[Excerpts from a dataset]
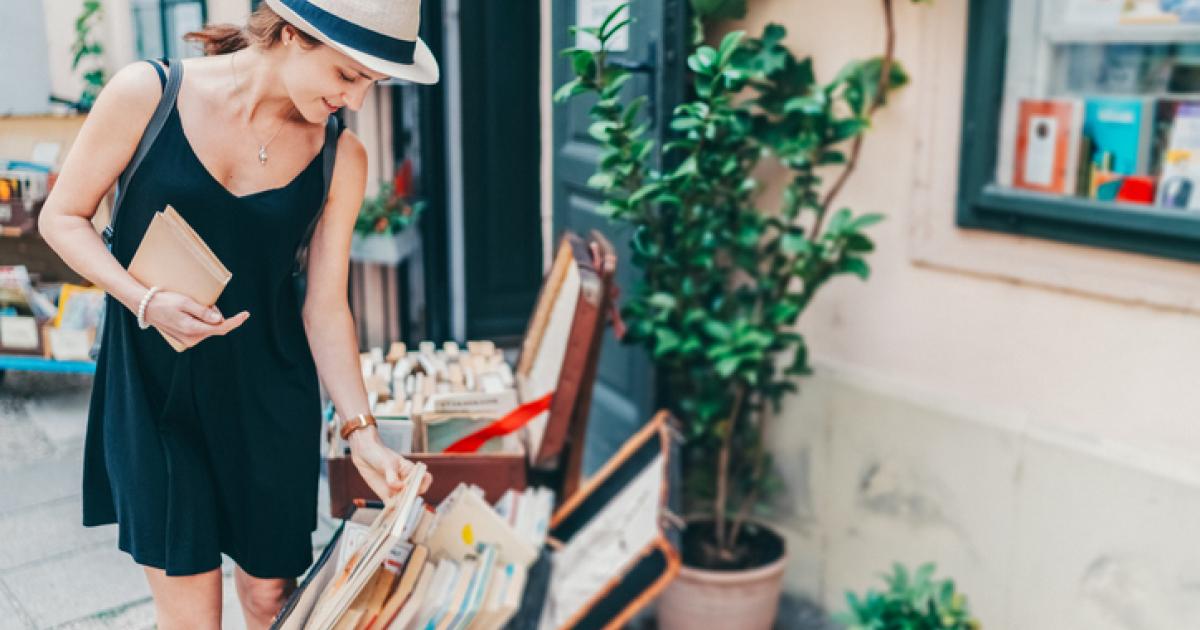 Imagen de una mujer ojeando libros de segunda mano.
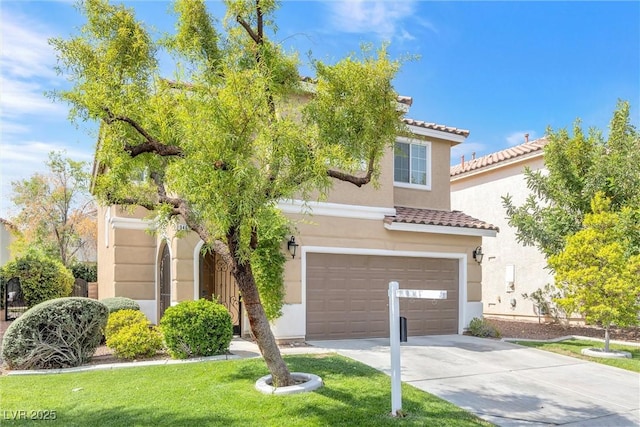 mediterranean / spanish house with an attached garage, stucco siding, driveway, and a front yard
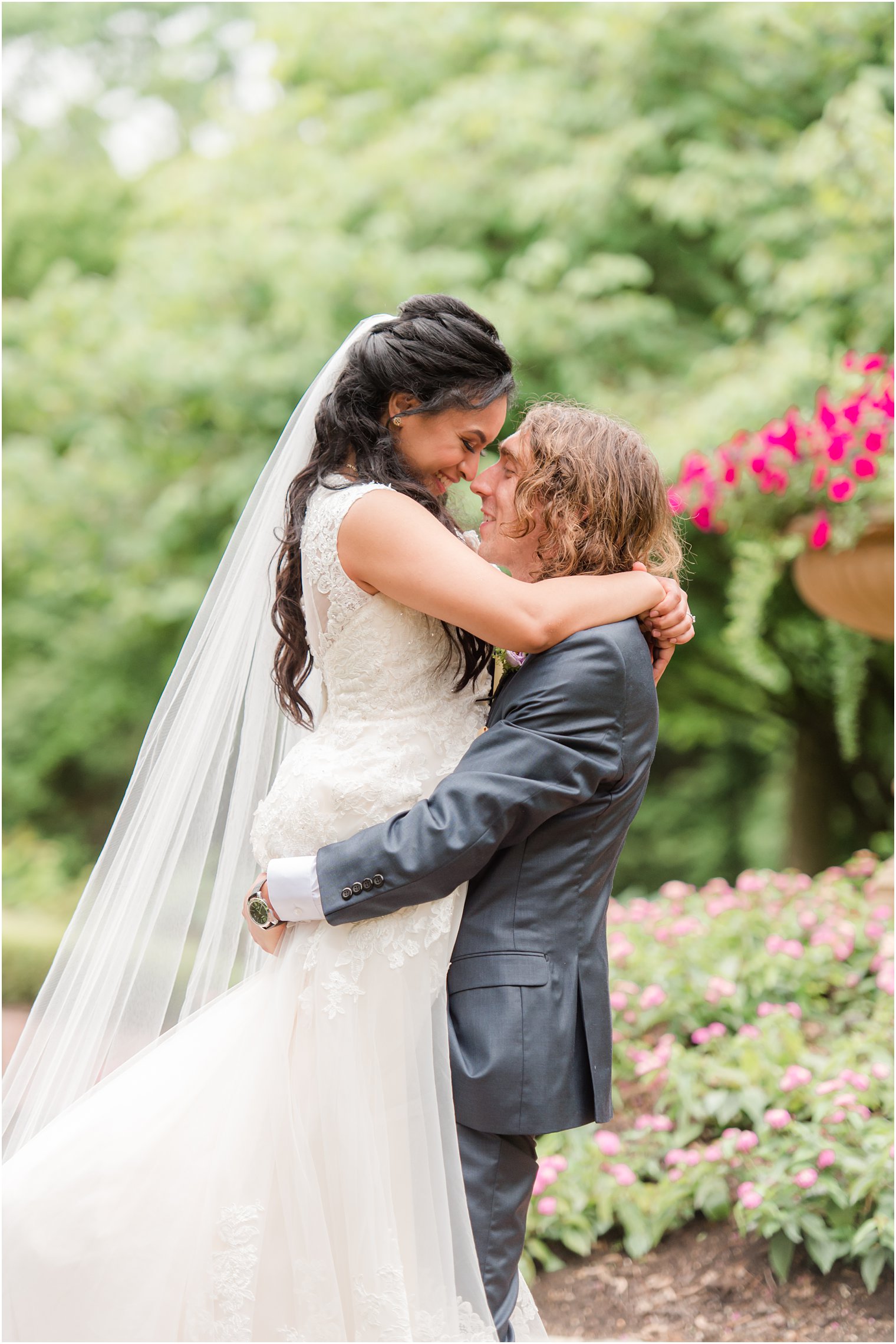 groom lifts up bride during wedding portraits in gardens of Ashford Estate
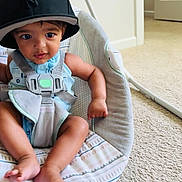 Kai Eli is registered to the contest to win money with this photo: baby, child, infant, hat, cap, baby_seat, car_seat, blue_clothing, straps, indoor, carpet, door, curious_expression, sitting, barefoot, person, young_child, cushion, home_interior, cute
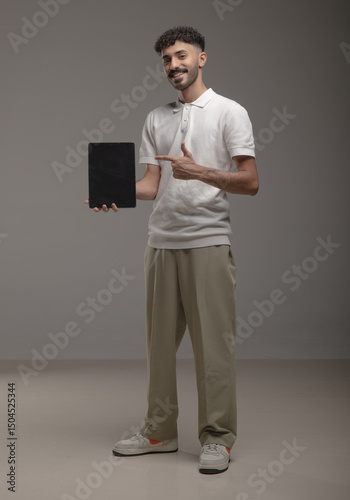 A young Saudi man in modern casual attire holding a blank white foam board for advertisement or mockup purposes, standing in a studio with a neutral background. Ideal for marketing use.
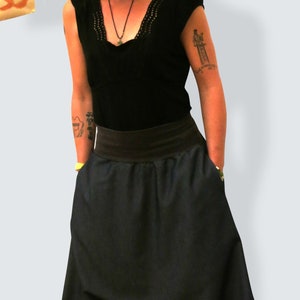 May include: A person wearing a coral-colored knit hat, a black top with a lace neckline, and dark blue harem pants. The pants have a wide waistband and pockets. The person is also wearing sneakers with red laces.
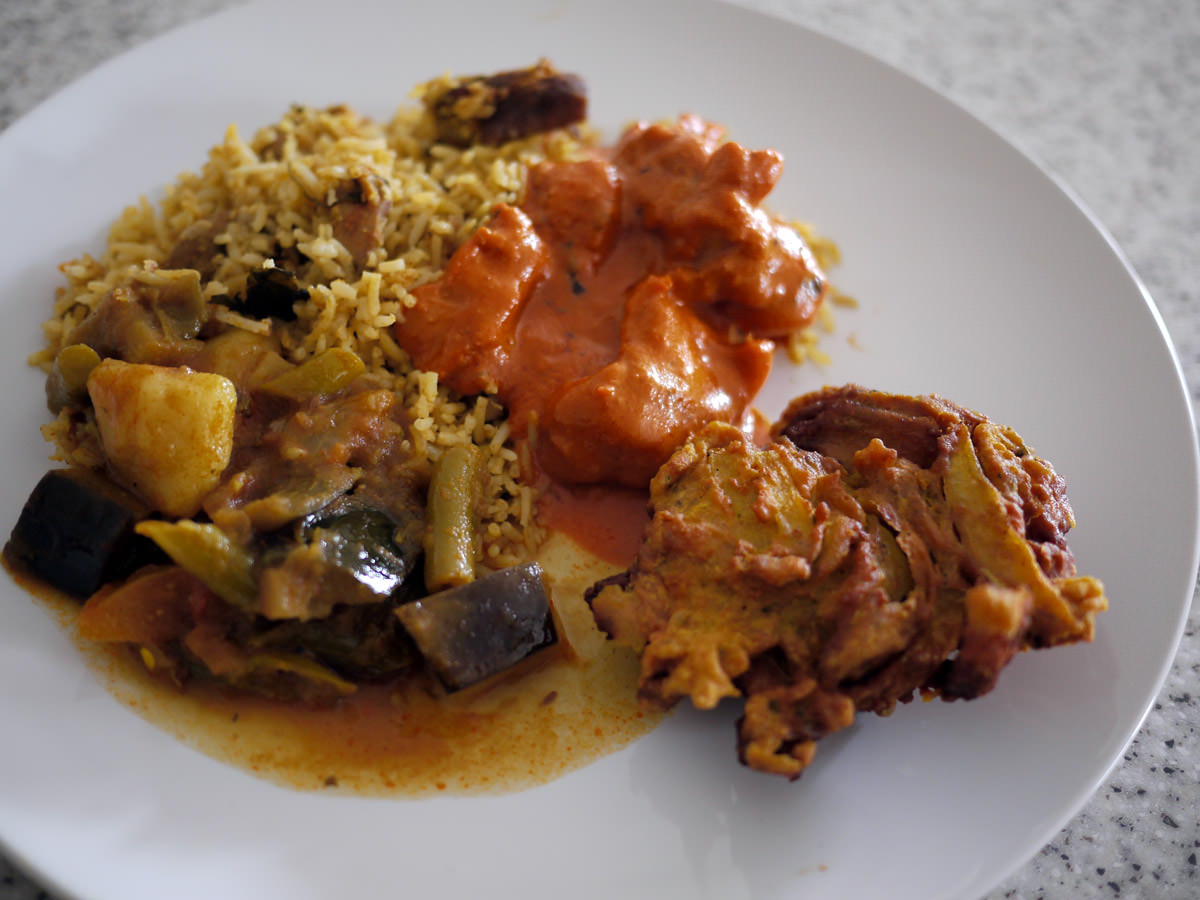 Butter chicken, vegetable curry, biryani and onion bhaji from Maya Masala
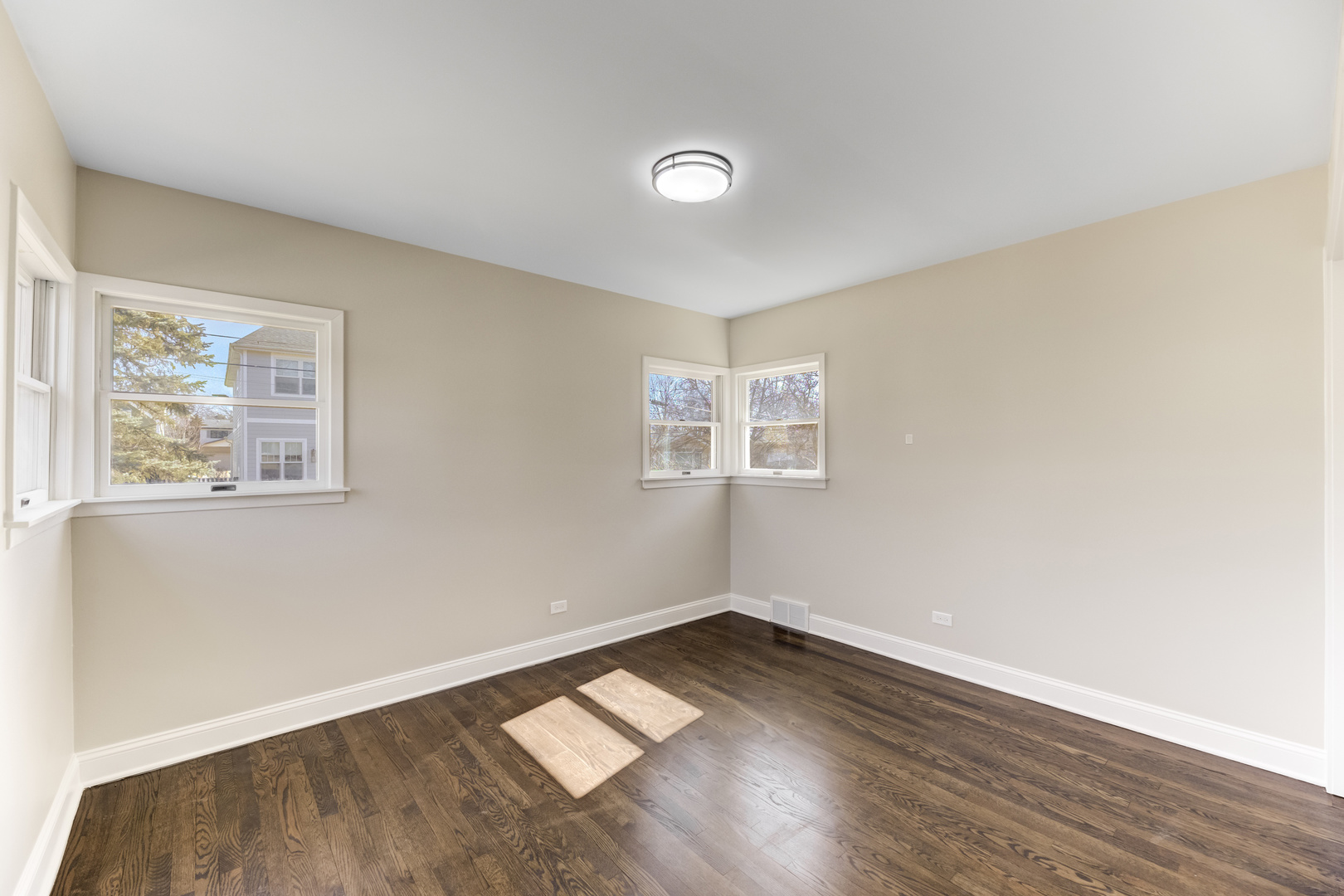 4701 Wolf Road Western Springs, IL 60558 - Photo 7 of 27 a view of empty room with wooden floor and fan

Your task :: Verbatim output of every entry above is required, though pictures are to be left out.

Answer space ::
 Imagen de una mujer ojeando libros de segunda mano.
 mediterranean / spanish house with an attached garage, stucco siding, driveway, and a front yard
 groom lifts up bride during wedding portraits in gardens of Ashford Estate
 Kai Eli is registered to the contest to win money with this photo: baby, child, infant, hat, cap, baby_seat, car_seat, blue_clothing, straps, indoor, carpet, door, curious_expression, sitting, barefoot, person, young_child, cushion, home_interior, cute
 A young Saudi man in modern casual attire holding a blank white foam board for advertisement or mockup purposes, standing in a studio with a neutral background. Ideal for marketing use.
 May include: A person wearing a coral-colored knit hat, a black top with a lace neckline, and dark blue harem pants. The pants have a wide waistband and pockets. The person is also wearing sneakers with red laces.
 Butter chicken, vegetable curry, biryani and onion bhaji from Maya Masala
 4701 Wolf Road Western Springs, IL 60558 - Photo 7 of 27 a view of empty room with wooden floor and fan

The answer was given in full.